7 november 2018

Alles geef ik U

Predikant:
Bijbeltekst: Markus 12:44
Dienstsoort:

Samenvatting

Alles geef ik U
Willem Teelinck schreef over dankdag dat we dan stilstaan bij: verheuging, grootmaking en opoffering. Het gaat vandaag over geld en je hart geven!
De eerste dankdag was bij Kain en Abel. Abel bracht de eerstelingen, zijn broer niet. God zag het offer en het hart van Abel aan. Het gaat niet om de grootte van het bedrag, maar hoe je de gaven geeft.

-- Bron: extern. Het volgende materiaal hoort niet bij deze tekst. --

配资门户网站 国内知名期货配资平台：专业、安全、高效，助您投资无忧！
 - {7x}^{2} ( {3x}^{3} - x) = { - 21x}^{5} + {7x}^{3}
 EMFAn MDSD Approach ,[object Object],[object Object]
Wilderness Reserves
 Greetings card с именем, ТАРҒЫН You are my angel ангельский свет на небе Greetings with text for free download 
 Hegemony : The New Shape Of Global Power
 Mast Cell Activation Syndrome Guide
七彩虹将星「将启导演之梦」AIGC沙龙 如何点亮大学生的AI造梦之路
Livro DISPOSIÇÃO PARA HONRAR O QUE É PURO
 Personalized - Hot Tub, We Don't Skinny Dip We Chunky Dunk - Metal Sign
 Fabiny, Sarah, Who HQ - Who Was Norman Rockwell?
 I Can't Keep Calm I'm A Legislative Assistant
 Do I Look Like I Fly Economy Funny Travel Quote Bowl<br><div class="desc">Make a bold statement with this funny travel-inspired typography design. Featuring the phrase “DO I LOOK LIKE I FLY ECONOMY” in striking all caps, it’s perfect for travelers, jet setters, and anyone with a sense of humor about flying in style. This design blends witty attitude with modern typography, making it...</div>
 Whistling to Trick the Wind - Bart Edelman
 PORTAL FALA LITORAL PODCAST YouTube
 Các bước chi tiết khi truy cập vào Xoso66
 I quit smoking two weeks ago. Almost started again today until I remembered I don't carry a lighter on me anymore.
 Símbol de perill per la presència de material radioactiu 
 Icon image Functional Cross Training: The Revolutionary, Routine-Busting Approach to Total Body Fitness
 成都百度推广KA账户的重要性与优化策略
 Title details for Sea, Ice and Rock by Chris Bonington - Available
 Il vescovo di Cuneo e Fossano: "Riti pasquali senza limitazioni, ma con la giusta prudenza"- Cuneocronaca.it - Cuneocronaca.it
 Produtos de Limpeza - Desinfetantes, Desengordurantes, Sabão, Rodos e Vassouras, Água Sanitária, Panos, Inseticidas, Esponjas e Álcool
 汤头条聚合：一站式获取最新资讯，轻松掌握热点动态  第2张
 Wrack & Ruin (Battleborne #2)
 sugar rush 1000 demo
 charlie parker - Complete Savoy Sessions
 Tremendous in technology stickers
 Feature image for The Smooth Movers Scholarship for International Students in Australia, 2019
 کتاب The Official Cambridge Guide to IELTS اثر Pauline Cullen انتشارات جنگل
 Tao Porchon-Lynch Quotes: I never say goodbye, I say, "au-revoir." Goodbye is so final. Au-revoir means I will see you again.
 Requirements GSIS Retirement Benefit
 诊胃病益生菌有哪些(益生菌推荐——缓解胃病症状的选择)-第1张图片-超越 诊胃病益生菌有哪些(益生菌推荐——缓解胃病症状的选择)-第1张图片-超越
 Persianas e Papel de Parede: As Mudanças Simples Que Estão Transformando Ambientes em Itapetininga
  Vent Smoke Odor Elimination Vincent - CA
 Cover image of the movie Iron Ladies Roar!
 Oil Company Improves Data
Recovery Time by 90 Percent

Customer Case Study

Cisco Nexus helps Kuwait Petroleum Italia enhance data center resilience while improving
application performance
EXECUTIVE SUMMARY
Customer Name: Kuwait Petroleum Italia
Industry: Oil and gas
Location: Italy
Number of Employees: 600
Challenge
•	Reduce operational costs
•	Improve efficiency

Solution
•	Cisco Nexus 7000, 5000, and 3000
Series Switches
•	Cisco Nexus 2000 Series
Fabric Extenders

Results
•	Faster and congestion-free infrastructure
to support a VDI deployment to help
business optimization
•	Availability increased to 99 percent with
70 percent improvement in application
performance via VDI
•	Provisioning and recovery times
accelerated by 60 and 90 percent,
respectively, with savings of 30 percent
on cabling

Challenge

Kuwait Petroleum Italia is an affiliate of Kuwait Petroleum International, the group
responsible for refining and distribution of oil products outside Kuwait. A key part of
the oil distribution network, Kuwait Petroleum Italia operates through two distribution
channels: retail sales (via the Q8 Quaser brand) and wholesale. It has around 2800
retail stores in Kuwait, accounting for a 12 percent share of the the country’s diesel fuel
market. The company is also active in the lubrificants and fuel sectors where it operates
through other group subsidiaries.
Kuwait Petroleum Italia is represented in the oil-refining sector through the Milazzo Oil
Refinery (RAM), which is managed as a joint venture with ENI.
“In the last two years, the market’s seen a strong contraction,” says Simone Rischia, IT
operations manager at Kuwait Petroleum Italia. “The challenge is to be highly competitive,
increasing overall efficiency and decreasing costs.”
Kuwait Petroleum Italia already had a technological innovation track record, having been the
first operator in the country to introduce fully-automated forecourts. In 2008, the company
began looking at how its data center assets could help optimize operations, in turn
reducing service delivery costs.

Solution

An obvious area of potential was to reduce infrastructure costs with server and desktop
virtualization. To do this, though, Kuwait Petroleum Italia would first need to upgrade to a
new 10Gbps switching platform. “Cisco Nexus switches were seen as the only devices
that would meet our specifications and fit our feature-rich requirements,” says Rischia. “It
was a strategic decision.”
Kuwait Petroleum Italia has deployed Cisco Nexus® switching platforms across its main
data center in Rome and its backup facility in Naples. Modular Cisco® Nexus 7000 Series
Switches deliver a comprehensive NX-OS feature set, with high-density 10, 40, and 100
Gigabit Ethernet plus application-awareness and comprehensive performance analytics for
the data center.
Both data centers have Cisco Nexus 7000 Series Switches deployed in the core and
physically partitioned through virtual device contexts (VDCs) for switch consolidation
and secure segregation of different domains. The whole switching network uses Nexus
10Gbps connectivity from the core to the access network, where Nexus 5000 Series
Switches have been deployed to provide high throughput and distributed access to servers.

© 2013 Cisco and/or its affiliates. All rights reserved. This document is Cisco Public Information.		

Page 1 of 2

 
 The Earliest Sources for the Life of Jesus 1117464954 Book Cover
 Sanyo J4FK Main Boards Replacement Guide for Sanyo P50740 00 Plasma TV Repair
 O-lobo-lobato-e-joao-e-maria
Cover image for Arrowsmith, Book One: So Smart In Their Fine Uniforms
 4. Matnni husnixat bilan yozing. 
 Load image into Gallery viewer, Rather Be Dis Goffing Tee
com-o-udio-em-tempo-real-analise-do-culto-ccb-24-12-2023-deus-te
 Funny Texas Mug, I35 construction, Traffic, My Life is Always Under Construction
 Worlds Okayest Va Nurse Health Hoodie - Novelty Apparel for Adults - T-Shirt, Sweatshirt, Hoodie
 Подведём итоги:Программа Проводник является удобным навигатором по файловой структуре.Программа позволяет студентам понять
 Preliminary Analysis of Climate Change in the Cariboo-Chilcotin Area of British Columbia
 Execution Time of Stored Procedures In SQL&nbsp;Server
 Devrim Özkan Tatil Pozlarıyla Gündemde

Ten diepste gaat het over jezelf helemaal aan God geven. God vraagt daarom.

- Jezus ziet het offer (vs. 41: Toen Jezus was gaan zitten tegenover de schatkist, zag Hij hoe de menigte geld in de schatkist wierp; en veel rijken wierpen er veel geld in.)
Palmzondag is achter de rug, het is dinsdag en we zijn bij de tempel. Er zijn dertien offerblokken voor verschillende doelen. De vorm van zo’n offerblok is trompetvormig en als je er een munt ingooide hoorde je dat klinken.
Jezus had de mensen gewaarschuwd voor de Schriftgeleerden en hun ik-gerichte gedrag en geldzucht. Ze benadelen de weduwen en bidden heel lang en schijnheilig. Zij zullen een zwaarder oordeel daarvoor ontvangen.
Jezus zit tegenover de schatkist. Het is druk om Hem heen. Jezus kijkt naar de mensen en wat zij geven; de dienst der offeranden. De Zaligmaker kijkt verder, Hij ziet hun hart gesteldheid. Er waren veel rijken met veel geld en een weduwe met een offer. Wat is meer? Een deel offeren van je overvloed of alles geven van je armoede, levensonderhoud. Waarschijnlijk moesten de mensen vooraf melden aan de priester hoeveel je gaf. Dat werd dan luid verteld.
De vrouw werpt de koperstukjes in het offerblok en de muntjes rinkelen naar beneden. Dan gaat ze weg. Nu heeft ze niets meer voor haar levensonderhoud. God is haar alles waard en Hij ziet haar. Jezus richt ook onze ogen op deze weduwe. Met het kleine kan God veel doen, Hij vermenigvuldigd het tot iets groots.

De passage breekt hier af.